Пройдя, значит, через фильтр, выдержав проверку на благонадежность, в 1966 году нестарый журналист Распутин бросил газетную поденщину и стал свободным писателем; тогда гонорары были такие, что жить было можно, причем довольно кучеряво. Книжный тираж в 30 000 считался совсем небольшим. Причем еще до выхода книги, после подписания договора, писателю платили аванс в несколько тыщ рублей – ну и какой был смысл горбатиться в газете? Логично, логично…
Ну и дальше – вперед, к успеху! В начале семидесятых его уже печатают не только в Сибири, но и в Москве и даже за границей (пусть даже это всего лишь Польша). В 1971-м награждают орденом «Знак Почета». В 1977-м дают первую Госпремию (за повесть «Живи и помни»). В 1987-м – вторую (за «Пожар»). Он успел побыть делегатом писательских съездов и депутатом Верховного Совета СССР. Под самый занавес социализма он делается Героем Соцтруда. О чем это говорит? Ну как минимум о том, что Распутин крепко вошел в номенклатуру совка. Системе он был не чужой, а очень даже родной человек.
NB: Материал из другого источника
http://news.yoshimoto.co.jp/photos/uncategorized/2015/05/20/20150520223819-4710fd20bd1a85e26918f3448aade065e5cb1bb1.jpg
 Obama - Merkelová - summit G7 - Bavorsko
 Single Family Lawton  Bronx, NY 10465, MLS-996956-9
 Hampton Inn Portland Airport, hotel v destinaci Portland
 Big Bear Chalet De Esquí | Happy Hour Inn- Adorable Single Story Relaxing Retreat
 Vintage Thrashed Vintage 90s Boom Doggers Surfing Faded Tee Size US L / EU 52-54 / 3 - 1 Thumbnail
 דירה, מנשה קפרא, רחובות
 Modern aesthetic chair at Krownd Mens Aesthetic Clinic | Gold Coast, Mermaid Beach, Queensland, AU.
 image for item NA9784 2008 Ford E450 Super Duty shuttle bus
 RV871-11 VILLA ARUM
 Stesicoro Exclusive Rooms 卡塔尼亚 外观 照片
Фраза кого-то из критиков: «Распутин влился в стан “деревенщиков”, старших по возрасту – Ф. Абрамов, В. Астафьев, Е. Носов, В. Белов, Б. Можаев, В. Шукшин. В них он нашел поддержку». Но Распутин не ограничил себя работой на уровне «инда взопрели озимые» (что, конечно, тоже важно и нужно, у него полно слов навроде «на обыденок», «шалаган», «воздырять», «дадена», «на опоздках», «изговелась», «ветробой», «крыльцы», «вдругорядь», «миликает», «простохожий»), и свою главную книгу сделал саспенсом, достойным Голливуда. Хватило мастерства и полета. Это я про «Живи и помни». «Сюжет о дезертире не нов для Сибири. В фольклоре наших мест немало быличек, связанных с ним. Видимо, таежная глушь не однажды соблазняла ослабевших духом укрыться в ней от злодейки пули», – написал кто-то из сибиряков. Быличек полно, а книга такая – одна. (Те, где дезертиров клеймили и разоблачали, не в счет.) Были, конечно, тупые наезды – как так, к юбилею победы – и вдруг про дезертира! (1974) Но – как-то обошлось, даже Госпремию дали. Сегодня можно себе такое представить – такую премию да за книжку на такую тему? Лично у меня не получается. Страна, кажется, стала более казенной и забубенной, чем в самый махровый совковый застой! Ну и дела…
Далее повесть «Прощание с Матёрой» (1976). Про строительство ГЭС. (Привет пострадавшим Саянам от благополучного пока Братска.) Он тогда говорил про то, что жаль затопленных деревень, а про грядущие техногенные катастрофы если б и надумал сказать, так не дали б точно.